'Fransa 2015 Seçimleri'

Ulusal Cephe’nin Zaferi: Söyledikleri ve Söylemedikleri

Fransa’da aralık ayında gerçekleştirilen seçimlerde Ulusal Cephe’nin başarısı tüm Avrupa genelinde aşırı sağın yükseliş trendini destekler nitelikte oldu. Partinin Müslümanların oylarını alarak bu başarıya ulaşmış olması değerlendirilmesi gereken önemli bir diğer konu.

Fransa’daki seçimler öncesi kamuoyu yoklamalarında Ulusal Cephe’nin (FN-Fr. “Front National”) yüksek oy alacağı öngörülmesine rağmen Ulusal Cephe’nin seçimlerin birinci turunun galibi olarak çıkması Fransa’da yine de şok etkisi yarattı. 6 Aralık 2015 tarihli seçimlerde Marine Le Pen’in başkanlığını yaptığı Ulusal Cephe oyların yüzde 27,96’sını alırken solun temsili Sosyalist Parti yüzde 23,33, 3 partiden oluşan Sağ Birliği ise yüzde 26,89 oy oranlarında kaldılar.

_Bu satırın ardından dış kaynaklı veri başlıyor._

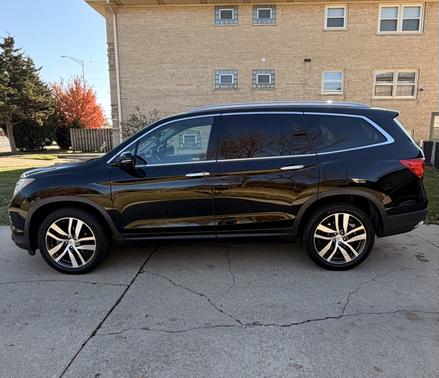 Black 2018 Honda Pilot Touring
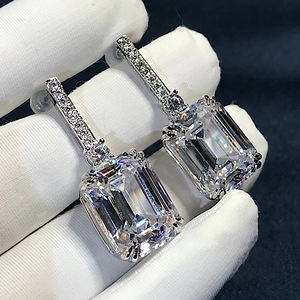 Orecchini Scintillanti per Donne, Design Elegante e Vistoso per Eventi Aziendali e Occasioni Formali - Product Image 3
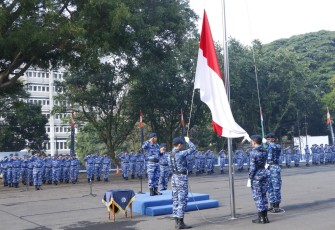 Komandan Koharmatau Marsekal Muda TNI Oki Yanuar, S.T pimpin Upacara Bendera 17-an di Lapangan Upacara Makoharmatau Bandung Jawa Barat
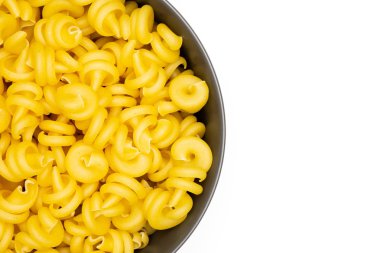 Beyaz izole pişmemiş makarna funghetto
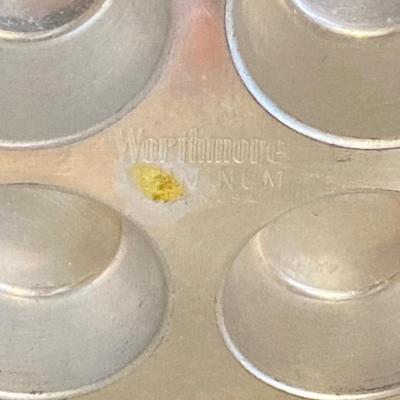 LOT 68: Sweet Children's Kitchen Bake / Play Collection - Doll-E-Toys Pink Cup, Worthmore Aluminum Cup Cake Baking Tray, Plates,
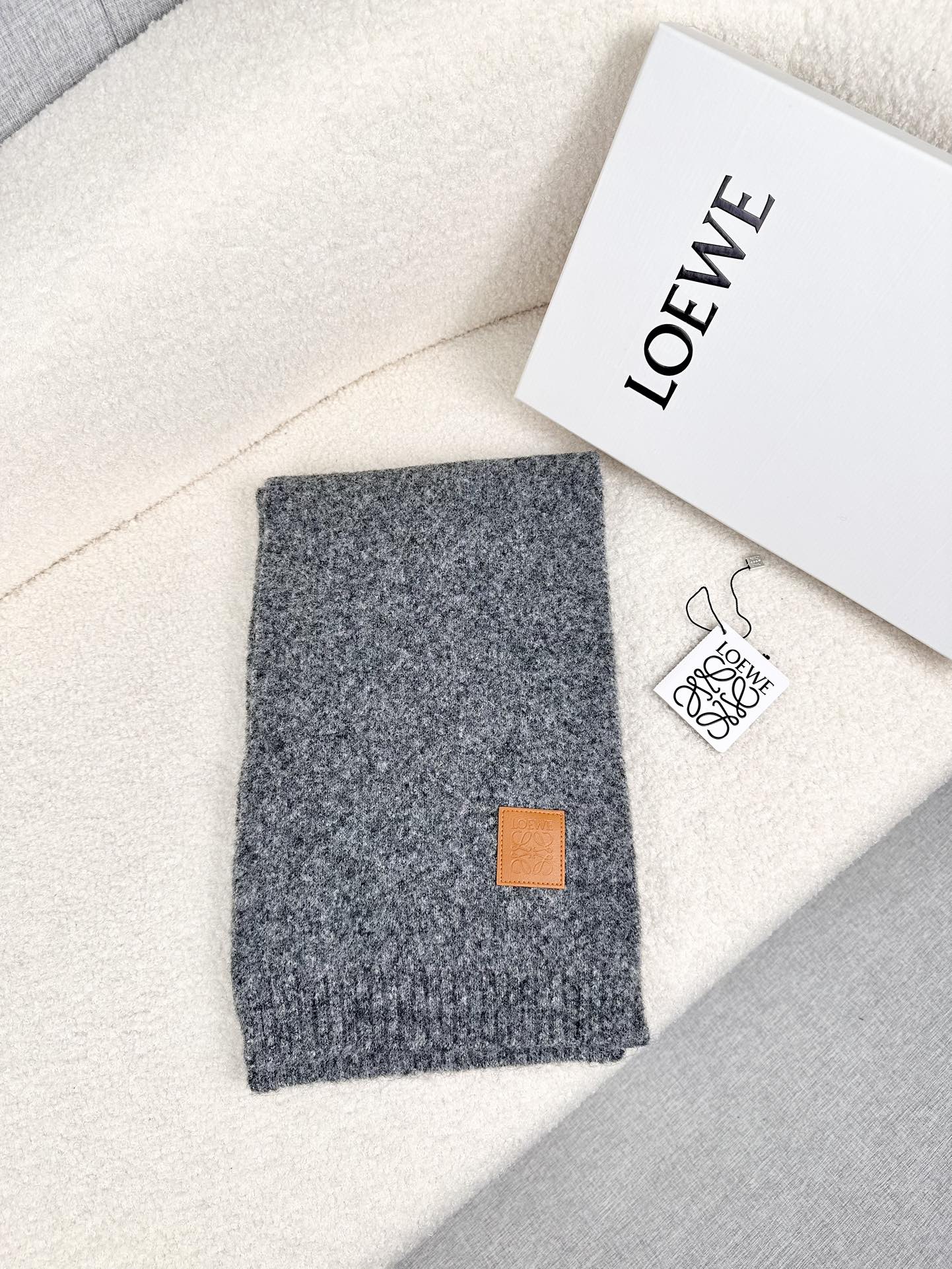 Однотонный кашемировый шарф Loewe 2024 - 170-25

Fransa’da Ulusal Cephe ivme kazanırken diğer birçok Avrupa ülkesinde aşırı sağ partiler girdikleri seçimlerden oylarını artırarak çıkıyorlar. Örneğin İngiltere’de AB ve göçmen karşıtı UKIP, aşırı sağcı Danimarka Halk Partisi, Avusturya Halk Partisi (ÖVP), Finlandiya’da Finler Partisi, Belçika’da Vlaams Belang yükselişe geçen partilerden. 28 Avrupa ülkesinin katıldığı 2014 Avrupa Parlamentosu seçimlerine de kısa bir zaman öncesine kadar marjinal sayılan ırkçı ve aşırı sağ partilerin zaferleri damgasını vurmuştu. Bu durumda neredeyse bütün Avrupa ülkelerinde olduğu gibi Fransa’da da halkın aşırı sağ ve ırkçı partilere yönelmelerinin sebebinin ne olabileceği sorusu önem kazanırken bu soru kısaca “korku ve nefretten beslenen söylemlerin halk tarafından kabul görmesi” şeklinde cevaplandırılabilir.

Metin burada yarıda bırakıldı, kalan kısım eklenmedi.